Boks on Tour

Is Steyn damaging his career?

2010-12-02 08:38
Francois Steyn (Gallo)
Comment: Rob Houwing, Sport24 chief writer

Cape Town – Now back in the less glamorous surrounds of his French club, the once wunderkind Francois Steyn will be left to reflect on a funny old November with the Springboks.

The latest, failed crack at the Grand Slam was an odd one for the team as whole, in that they blew it against Scotland, the side they were tipped to most comfortably see off, while leaping supposedly more perilous hurdles like Ireland and England.

For Steyn, too, trying to sum up his contribution to the end-of-year cause is an exercise tangled in uncertainty, and some pros to accompany cons.

Give this utility back par excellence some well-merited credit, first up: with South Africa stripped for the entire tour of a battery of injured midfield customers, he appeared to step pretty willingly into the unfamiliar berth – even for him – of outside centre from the Wales game onward.

At least the Boks had the seasoned and proven Jean de Villiers on hand to pull the No 12 strings, but they had a real problem a tad wider on the park – Zane Kirchner briefly plugged the hole in Dublin until Steyn became available -- and the former Sharks favourite took up the challenge from games two to four.

It would be cruel to say in a clear-cut manner that Steyn “failed”. After all, he used his known physicality to telling effect defensively, sometimes flinging foes crudely and forcefully to the deck – Shane Williams will testify to that – while within the bounds of the laws.

With a bit of luck the Springbok brains trust always knew beforehand, and ought to be even more convinced now, that outside centre is no permanent home for the strong-willed Racing Metro man, 23.

It is normally reserved for a more slippery footballer with trickery in his toes and a sharp turn of speed from the blocks: the sort of player who can be “put away” through a gap with the help of deft creative work from his midfield partner of perhaps even a skip pass from further away.

Through no special fault of his own, the stout Steyn is just not equipped in this manner, and it should have been clearly apparent. He was a stop-gap measure; it was good of him to be a relative fish out of water at a time of need.

But while playing out of position must always carry some mitigating elements, Steyn probably also unwittingly enhanced a growing belief that in plying his trade in more ponderous northern climes he is doing himself no favours for the prospect of continued regular caps for his country.

There were occasions on attack, over the three weeks of his Bok involvement, where he looked too obviously leaden, unsure of what his next move should be, or would arguably even put a bit of a spanner in the works as try-scoring opportunities beckoned others.
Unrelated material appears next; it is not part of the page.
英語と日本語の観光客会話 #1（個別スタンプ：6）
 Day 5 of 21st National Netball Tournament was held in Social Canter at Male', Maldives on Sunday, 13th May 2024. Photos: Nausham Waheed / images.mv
The Guardian’s astute Robert Kitson noted, in an otherwise warm assessment of the Boks after they’d given England a Twickenham lesson: “Francois Steyn looked out of synch with several of his colleagues – it’s an occupational hazard if you decide to leave Durban to play in the French Top 14.”

Indeed. The lure may be lucrative – Steyn is estimated to be pocketing some R7-million a season with Racing until well into 2012 – but is it coming at a rugby price for him?

Anyone who watched Australia’s amazing Parisian demolition of France last Saturday night – the home side left the pitch to a deafening chorus of boos – will also have had suspicions confirmed that the game in that country is in a trough, with the famous Gallic flair seemingly being throttled inexplicably out of its players.

We may be talking the national side to a greater degree, but it is difficult to believe it is all singing, all dancing right now in their Top 14, either.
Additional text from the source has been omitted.